The conversation flowed like honey – deep, sweet, natural. By the end, her voice sparkled with possibility.
We agreed she’d review the proposal and get back to me Tuesday.
Tuesday came.
Tuesday went.
So did Wednesday.
So did Thursday.
Silence stretched longer than a winter’s night. So did my patience and my anxiety. Do I reach out? Do I give her more time?
Sound familiar? That stomach-churning dance between following up and giving space. Between serving and pestering. Between caring and clinging.
I’ve been there. Oh boy, have I danced that tango! That place where every unanswered email feels like rejection. Where every passing day without response spawns a thousand stories in your mind. Where you begin to question everything:
- Did I say something wrong?
- Should I reach out again?
- Am I being too pushy?
- What if they need more time?
- What if they hate me now?
- What if… what if… what if…
Stop.
Breathe.
Listen close now, because this is important:
You are not pushing them off a cliff, dear one.
You are extending a hand.
You are opening a door.
You are lighting a path.
You are showing up – again and again and again –
Because that’s what servants of the heart do.
That’s what leaders do.
That’s what YOU do.
Let me show you how to follow up with grace, with power, with purpose. How to nurture without nagging. How to persist without pestering. How to serve without compromising your integrity.
The Bridge-Builder’s Blueprint
First things first: Every conversation needs a bridge to the next conversation. Don’t leave your prospect stranded on the island of good intentions.
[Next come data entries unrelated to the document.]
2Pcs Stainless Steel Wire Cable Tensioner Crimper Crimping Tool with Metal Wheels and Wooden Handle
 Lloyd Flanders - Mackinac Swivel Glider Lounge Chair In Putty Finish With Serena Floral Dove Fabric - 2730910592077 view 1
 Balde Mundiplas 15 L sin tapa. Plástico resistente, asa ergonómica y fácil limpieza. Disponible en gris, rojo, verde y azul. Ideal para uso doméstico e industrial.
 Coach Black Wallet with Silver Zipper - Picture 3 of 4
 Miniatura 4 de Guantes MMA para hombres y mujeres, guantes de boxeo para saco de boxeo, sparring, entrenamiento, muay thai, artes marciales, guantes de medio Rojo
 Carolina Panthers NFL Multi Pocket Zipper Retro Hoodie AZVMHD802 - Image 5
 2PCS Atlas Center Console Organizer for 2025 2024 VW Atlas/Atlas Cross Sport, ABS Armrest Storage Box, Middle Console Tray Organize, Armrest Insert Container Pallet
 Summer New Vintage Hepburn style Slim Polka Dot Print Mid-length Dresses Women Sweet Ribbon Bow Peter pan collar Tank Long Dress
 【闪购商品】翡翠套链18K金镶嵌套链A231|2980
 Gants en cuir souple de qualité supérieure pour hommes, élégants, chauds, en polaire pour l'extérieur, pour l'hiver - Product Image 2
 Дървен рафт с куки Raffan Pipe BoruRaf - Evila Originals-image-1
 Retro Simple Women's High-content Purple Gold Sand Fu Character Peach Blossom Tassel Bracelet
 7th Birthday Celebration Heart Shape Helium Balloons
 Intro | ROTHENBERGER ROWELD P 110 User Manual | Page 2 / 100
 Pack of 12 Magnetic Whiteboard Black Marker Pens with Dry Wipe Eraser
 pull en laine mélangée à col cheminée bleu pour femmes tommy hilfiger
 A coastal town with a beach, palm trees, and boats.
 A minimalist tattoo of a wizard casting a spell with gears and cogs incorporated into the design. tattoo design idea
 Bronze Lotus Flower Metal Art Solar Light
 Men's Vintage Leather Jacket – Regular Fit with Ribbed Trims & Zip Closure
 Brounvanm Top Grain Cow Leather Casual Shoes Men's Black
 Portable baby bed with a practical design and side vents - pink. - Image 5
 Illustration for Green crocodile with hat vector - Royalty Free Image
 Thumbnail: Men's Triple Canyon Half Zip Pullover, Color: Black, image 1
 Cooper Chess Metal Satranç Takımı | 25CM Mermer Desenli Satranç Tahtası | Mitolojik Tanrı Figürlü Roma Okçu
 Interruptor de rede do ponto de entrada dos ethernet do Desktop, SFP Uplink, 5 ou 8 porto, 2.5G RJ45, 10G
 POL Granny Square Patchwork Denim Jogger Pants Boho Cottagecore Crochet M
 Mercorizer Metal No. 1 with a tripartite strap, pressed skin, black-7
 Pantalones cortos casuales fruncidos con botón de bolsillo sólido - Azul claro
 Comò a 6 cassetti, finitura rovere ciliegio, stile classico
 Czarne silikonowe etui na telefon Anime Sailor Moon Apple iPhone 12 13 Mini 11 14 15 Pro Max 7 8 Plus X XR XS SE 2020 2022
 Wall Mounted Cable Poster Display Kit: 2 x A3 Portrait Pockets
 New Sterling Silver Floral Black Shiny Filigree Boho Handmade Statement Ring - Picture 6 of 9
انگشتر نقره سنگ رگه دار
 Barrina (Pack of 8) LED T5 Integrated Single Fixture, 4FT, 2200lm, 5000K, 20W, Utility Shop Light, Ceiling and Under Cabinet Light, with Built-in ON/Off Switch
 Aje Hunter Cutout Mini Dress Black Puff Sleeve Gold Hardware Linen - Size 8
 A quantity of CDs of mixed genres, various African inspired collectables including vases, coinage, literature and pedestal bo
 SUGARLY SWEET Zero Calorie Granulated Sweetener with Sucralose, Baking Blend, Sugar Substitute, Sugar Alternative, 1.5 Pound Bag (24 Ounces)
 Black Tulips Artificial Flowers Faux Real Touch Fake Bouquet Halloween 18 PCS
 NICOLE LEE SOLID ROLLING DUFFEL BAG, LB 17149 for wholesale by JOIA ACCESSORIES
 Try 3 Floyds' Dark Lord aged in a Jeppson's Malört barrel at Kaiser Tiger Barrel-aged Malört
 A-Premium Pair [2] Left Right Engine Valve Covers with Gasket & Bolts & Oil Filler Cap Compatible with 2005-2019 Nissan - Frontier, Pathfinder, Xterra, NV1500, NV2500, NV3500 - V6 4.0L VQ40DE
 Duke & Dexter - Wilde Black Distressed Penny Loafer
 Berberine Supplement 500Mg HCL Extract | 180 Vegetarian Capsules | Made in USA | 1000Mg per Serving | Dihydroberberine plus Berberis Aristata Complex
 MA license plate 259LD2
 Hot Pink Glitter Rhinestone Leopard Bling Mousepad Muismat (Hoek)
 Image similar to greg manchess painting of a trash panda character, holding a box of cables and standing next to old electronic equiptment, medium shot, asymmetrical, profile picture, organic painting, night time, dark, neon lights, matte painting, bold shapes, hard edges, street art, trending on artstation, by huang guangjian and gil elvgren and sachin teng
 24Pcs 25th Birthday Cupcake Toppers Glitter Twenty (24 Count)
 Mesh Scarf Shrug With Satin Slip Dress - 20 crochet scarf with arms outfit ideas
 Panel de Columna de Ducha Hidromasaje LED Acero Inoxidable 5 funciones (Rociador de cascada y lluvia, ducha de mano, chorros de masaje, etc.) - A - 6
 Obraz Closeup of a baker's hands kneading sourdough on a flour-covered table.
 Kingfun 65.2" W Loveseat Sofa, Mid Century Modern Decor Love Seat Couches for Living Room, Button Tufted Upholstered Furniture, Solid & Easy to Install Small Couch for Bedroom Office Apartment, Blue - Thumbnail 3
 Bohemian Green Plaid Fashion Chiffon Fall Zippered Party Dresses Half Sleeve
Build them a way forward.
Before any meeting ends, get crystal clear on these four pillars:
- The Next Step – What exactly needs to happen?
- The Who – Who’s taking that step?
- The When – By what specific date?
- The What-If – What happens if that date passes?
Here’s what this sounds like in real life:
“Karen, I’ve loved exploring how we might work together. You mentioned wanting to review this with your business partner – would you be able to do that by next Friday? Perfect. And would you like me to follow up with you then, or would you prefer to reach out once you’ve had that conversation?”
(Pro tip: I almost always volunteer to do the following up. Why? Because while they might have the best intentions, this isn’t their top priority. It’s mine. So… if they say they will follow-up… add on the following:
Awesome. I look forward to hearing you [state their commitment]. And, because I know things come up, don’t worry, if an extra day or two passes and I don’t hear from you – fear not, I’ll go ahead and reach out via email to check in”
This way, you are still giving yourself permission to follow-up, and setting expectations for them that you will do so.)
The Follow-Up Formula That Feels Like Love
When that agreed-upon date arrives, here’s your template for following up with heart:
Hello [NAME]!
I hope you’re doing well, and [PERSONAL NOTE BASED ON YOUR CONVERSATION].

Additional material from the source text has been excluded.